Dalton ouvre pourtant la voie à l’ère Pierce Brosnan où le
simple souffle de la mission et de l’aventure s’estompe progressivement. James
Bond traversait auparavant les films avec classe et distance, il a désormais un
compte personnel à régler avec tous les méchants de la période Pierce Brosnan
(le 006 de Goldeneye, le magnat de la
presse marié à un ancien amour dans Demain
ne meurt jamais, la romance du Monde
ne suffit pas et son ancien geôlier dans Meurs un autre jour). L’aventure ne peut plus exister pour le
simple plaisir de l’évasion, le héros doit s’y impliquer émotionnellement
jusqu'à Daniel Craig où les méchants et leurs complots mégalomanes sont réduits
au strict minimum pour s’attarder sur les tourments existentiels d’un Bond
fragilisé.
Pierce Brosnan est parfait dans ce croisement de l’ancien Bond
irrésistible et le nouveau plus dépassé mais malheureusement pour lui les
scripts et films produits ne seront pas à la hauteur de ses apports réels.
Cependant Dalton comme Brosnan continuent à perpétuer la suspension
d’incrédulité que l’on est en droit d’attendre de James Bond avec
l’extravagance attendue dans les décors (le palais des glaces de Meurs un autre jour) et les actions de
Bond tel l’inoubliable final en semi-remorque de Permis de tuer. L’ère Brosnan témoigne aussi de la schizophrénie
des producteurs encore craintifs de l’accueil glacial de Permis de tuer et déséquilibrant les films entre mise à mal du
personnage et grandiloquence d’antan. Le pré générique brillant de Meurs un
autre jour (2002) semble ainsi appartenir à un autre film que celui où plus tard Bond
va surfer sur une vague géante.
L’arrivée de Daniel Craig est l’aboutissement de tout le
processus de déconstruction du personnage, bien plus radical car cette fois
tombant au bon moment. Le public n’est plus en quête d’une icône à admirer,
mais d’un être qui derrière ses exploits lui ressemble dans ses doutes et sa
faiblesse. Quand il enlève son masque entre deux tours de voltige, Spider-Man
est Peter Parker, un adolescent timide et complexé comme tant d’autres dans
lequel on peut se reconnaître. Lorsqu’il ne brise pas les bras et les nuques de
ses assaillants, Jason Bourne est un amnésique paumé surpris de ses propres
aptitudes meurtrières. Les Batman de Christopher Nolan se préoccupent plus des
doutes de Bruce Wayne que des exploits de Batman avec un pic dans le dernier
volet où le super-héros apparaît à peine une vingtaine de minutes en costume.

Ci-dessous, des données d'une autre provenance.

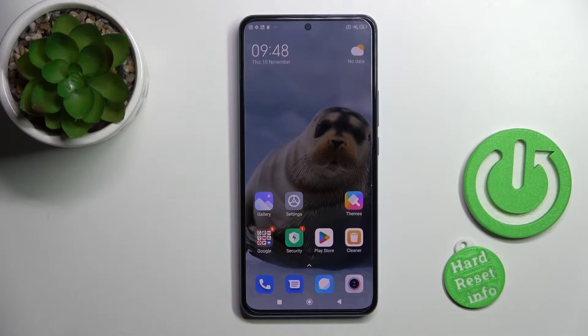Hi, today I'm Fred with my Xiaomi 12T Pro and I'll show you how to change the lock screen wallpaper on this device.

C’était un mal nécessaire avec une réelle innovation apportée par la réussite
des franchises précitées. Malheureusement ce « sérieux », cette « profondeur
psychologique » ne sied pas à tous et se fait parfois au forceps, au détriment
de ce que l’on est venu voir : admirer nos héros qui sauvent le monde. Le
public boudera désormais les tentatives de leur présenter un authentique héros
surpuissant et hors de portée (l’échec des Chroniques
de Riddick ou le rejet des Matrix
Reloaded et Matrix Révolutions
soit ceux où Néo devient un quasi demi-dieu) quand ce n’est pas les films eux
même qui atrophient l’aura de son personnage principal avec un Superman Returns (2006) – le questionnement
entre le titan et l’humain de Man of
Steel (2013) recevant un accueil tout aussi mitigé.

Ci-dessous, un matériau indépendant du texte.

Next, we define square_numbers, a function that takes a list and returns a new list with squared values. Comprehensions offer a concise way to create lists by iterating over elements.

Les James Bond de Daniel Craig se situent à mi-chemin de ces
réussites et ratages. Le ronronnement des derniers Brosnan est remplacé par
l’énergie et la noirceur des épisodes de Craig. Sous la carrure imposante de
l’acteur, James Bond n’a paradoxalement jamais été plus fragile. Quand le dépit
amoureux le ramenait à ses glorieuses aventures après Au service secret de Sa Majesté, il le replonge ici en plein doute
avec un Bond débutant et pas encore insensible dans Casino Royale (2006) et Quantum
of Solace (2008). Malgré l’incontestable réussite de Casino Royale (en
dépit d’une dernière demi-heure ratée), la série perd de son identité en
lorgnant trop du côté de Jason Bourne et Quantum
of Solace si on fait abstraction du ratage artistique du film perd
l’essence de Bond en forçant le trait sur sa facette torturée. Un enfant de dix ans pouvait encore être
admiratif et vouloir ressembler aux Bond de Connery, Moore, Lazenby et Brosnan.

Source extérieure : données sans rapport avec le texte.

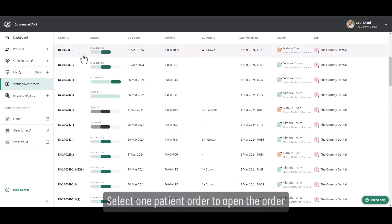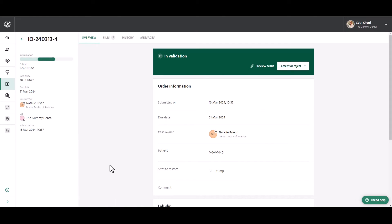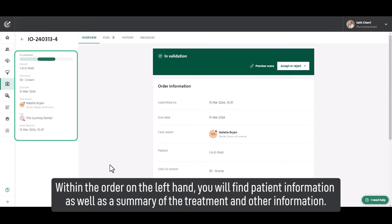Select one patient order to open the order. Within the order on the left-hand side, you will find patient information as well as a summary of the treatment and other information.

On est en droit de douter que ce soit tout à fait le cas de celui de Daniel
Craig qui d’ailleurs ne leur est guère destiné. Le souffle épique des origines
disparait donc au profit de cette profondeur et avec elle la nature héroïque de
Bond quand les précédentes refontes la maintenaient avec brio. Auparavant point
de repère du début de l’aventure, M, désormais incarnée par Judi Dench devient
une figure maternelle venant constamment le sermonner.
La démarche de Skyfall
est à ce titre assez fascinante et schizophrène puisque allant au bout de cette
logique introspective tout en finissant sur la promesse du retour du « vrai »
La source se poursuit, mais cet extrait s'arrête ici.